I'm working on an Epsilon-delta proof for:

$$\lim_{(x,y)\rightarrow (1,1)} x^2 + xy + y = 3$$

I've tired a couple of different approaches but am not getting anywhere (I'm terrible at these). Any suggestions would be appreciated. Thanks.

Steve

Would you show us what you already tried?

benorin
Homework Helper
Stevecgz said:
I'm working on an Epsilon-delta proof for:

$$\lim_{(x,y)\rightarrow (1,1)} x^2 + xy + y = 3$$

I've tired a couple of different approaches but am not getting anywhere (I'm terrible at these). Any suggestions would be appreciated. Thanks.

Steve

Start off with the definition:

$$\lim_{(x,y)\rightarrow (1,1)} x^2 + xy + y = 3 \mbox{ if, and only if }$$
$$\mbox{for every }\epsilon >0,\mbox{ there exists a }\delta >0 \mbox{ such that } 0<\sqrt{(x-1)^2+(y-1)^2}<\delta \mbox{ implies that }|x^2 + xy + y - 3| <\epsilon$$​

arildno
Homework Helper
Gold Member
Dearly Missed
Prove that the sum of two continuous functions is itself a continuous function.

benorin said:
Start off with the definition:

$$\lim_{(x,y)\rightarrow (1,1)} x^2 + xy + y = 3 \mbox{ if, and only if }$$
$$\mbox{for every }\epsilon >0,\mbox{ there exists a }\delta >0 \mbox{ such that } 0<\sqrt{(x-1)^2+(y-1)^2}<\delta \mbox{ implies that }|x^2 + xy + y - 3| <\epsilon$$​

Thanks benorin.

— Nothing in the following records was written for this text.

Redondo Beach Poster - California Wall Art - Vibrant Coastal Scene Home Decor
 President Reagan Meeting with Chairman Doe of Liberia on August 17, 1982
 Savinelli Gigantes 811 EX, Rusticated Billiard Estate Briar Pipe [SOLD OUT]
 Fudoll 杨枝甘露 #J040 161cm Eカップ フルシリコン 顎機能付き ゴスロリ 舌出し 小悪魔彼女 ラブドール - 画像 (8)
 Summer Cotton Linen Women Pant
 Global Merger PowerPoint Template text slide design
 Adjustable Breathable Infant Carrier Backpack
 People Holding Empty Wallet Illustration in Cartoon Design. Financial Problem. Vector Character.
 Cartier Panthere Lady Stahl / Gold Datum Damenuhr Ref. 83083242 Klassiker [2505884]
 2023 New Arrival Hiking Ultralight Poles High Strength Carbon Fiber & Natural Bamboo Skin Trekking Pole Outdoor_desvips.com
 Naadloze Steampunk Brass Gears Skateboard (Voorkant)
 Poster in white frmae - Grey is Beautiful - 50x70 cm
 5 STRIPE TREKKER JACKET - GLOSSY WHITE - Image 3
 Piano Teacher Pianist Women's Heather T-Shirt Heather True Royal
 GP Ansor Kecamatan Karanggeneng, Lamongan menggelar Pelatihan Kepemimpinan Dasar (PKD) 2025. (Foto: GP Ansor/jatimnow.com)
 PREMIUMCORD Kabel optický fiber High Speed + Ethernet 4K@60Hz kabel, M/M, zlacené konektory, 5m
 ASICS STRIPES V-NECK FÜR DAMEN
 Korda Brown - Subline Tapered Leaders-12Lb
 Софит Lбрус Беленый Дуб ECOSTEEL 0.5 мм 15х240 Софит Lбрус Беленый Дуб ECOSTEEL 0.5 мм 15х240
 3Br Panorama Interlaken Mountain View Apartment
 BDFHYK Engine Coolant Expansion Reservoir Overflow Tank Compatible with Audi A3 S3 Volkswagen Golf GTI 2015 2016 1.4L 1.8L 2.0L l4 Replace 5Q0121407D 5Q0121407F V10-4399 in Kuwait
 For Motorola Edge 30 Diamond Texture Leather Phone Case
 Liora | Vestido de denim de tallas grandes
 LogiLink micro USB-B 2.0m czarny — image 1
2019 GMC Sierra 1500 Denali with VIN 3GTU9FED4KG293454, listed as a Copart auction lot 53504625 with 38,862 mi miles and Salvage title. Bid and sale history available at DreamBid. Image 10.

I was trying with $$0<\sqrt{x^2+y^2}<\delta$$. I think I can get it now.

Steve

HallsofIvy
By the way, while $\sqrt{(x_1-x_0)^2+ (y_1-y_0)^2}$ is the "standard metric" it would be equivalent to show the "for every $\epsilon>0$ there exist $\delta> 0$ such that max (|x-1|,|y-1|)< $\delta$ implies that |x2+ xy+ y- 3|<$\epsilon$ and might be simpler. Of course, your teacher might require that you be able to show that they are equivalent!